1) Offensive rebounding tends to be a replicable skill (top three teams from 2013-14 are still in the top five in 2014-15), as much of offensive rebounding has to do with size (a constant) and the effort permitted by the coaching staff in pursuing rebounds on that end (as opposed to getting back to stop transition buckets - a hotly debated tradeoff in its own right).

2) Getting to the free throw line tends to be a skill, as the same players and teams tend to have success year-over-year. Keeping opponents off the free throw line also seems to be a conscious decision of coaching staffs, though having the personnel to guard without fouling can make sometimes make this tactical decision difficult to execute.

3) Scoring around the rim and defending the basket tend to be replicable skills. Unlike jumpers, players seem to be more consistent with their conversion rates on layups, and shot blockers tend to post high block rates year-over-year.

4) At the extremes, turnover rates remain decently consistent both on the offensive end (there are really bad teams at handling the ball and really good ones) and on the defensive end (the decision to apply heavy pressure or the decision to apply no pressure), but through the middle, there is a decent amount of luck and regression to the mean in turnover rate stats.

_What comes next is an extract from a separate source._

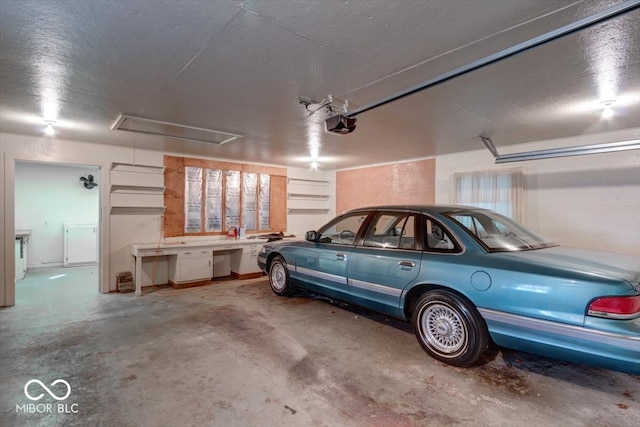 garage with a garage door opener and washer / clothes dryer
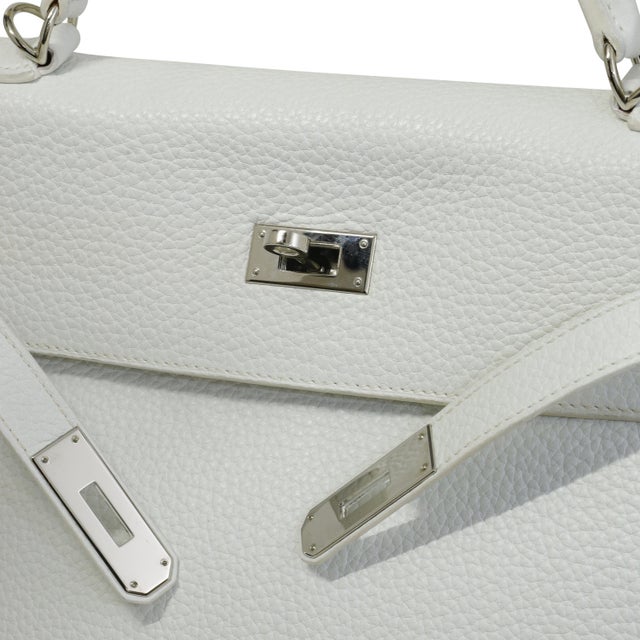 White is the hardest colour to keep on a bag and the most direct evidence of how one has been kept. Nothing hides on a...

Given those guiding principles, we now have a roadmap to start separating the elements of the game that are determined by behavior or skill and those that are guided by randomness or luck.

That roadmap has led to the model that you have been seeing referred to as "luck-adjusted" scoring.

To explain the model, let's start with the simplest of cases one might see in a play-by-play:

Player X makes Two Point Jump Shot

Now, on the scoreboard, Alpha Team will get two points for Player X's made jumper. As we saw above, though, on average, that jumper will fall about 35 percent of the time. So, in the luck-adjusted model, Alpha Team gets 0.7 points.

If that seems silly, let's take a look at a few more possessions:

Player X makes Two Point Jump Shot
Player X misses Two Point Jump Shot
Player X misses Two Point Jump Shot

Player X is really into two-point jumpers (Player X isn't meant to be Yale's Matt Townsend, but it's okay if that's who you're envisioning here), and this run of performance is about what we'd expect on average. Sure enough, the luck-adjusted model would have Alpha Team at 2.1 points, while the scoreboard would have them at 2 points.

But what if Player X truly does make 40 percent of his two-point jumpers. This "luck-adjusted" model is selling him short, no?

The answer is yes, but the difference is inconsequential versus not adjusting for luck at all. Some simple math can prove this out.

Player X misses Two Point Jump Shot
Player X makes Two Point Jump Shot
Player X makes Two Point Jump Shot
Player X misses Two Point Jump Shot
Player X misses Two Point Jump Shot

In this case, Player X and his 40 percent shooting from two would "deserve" four full points, while the luck-adjusted model would only give him 3.5 points. That's an overattribution of 0.5 points to luck.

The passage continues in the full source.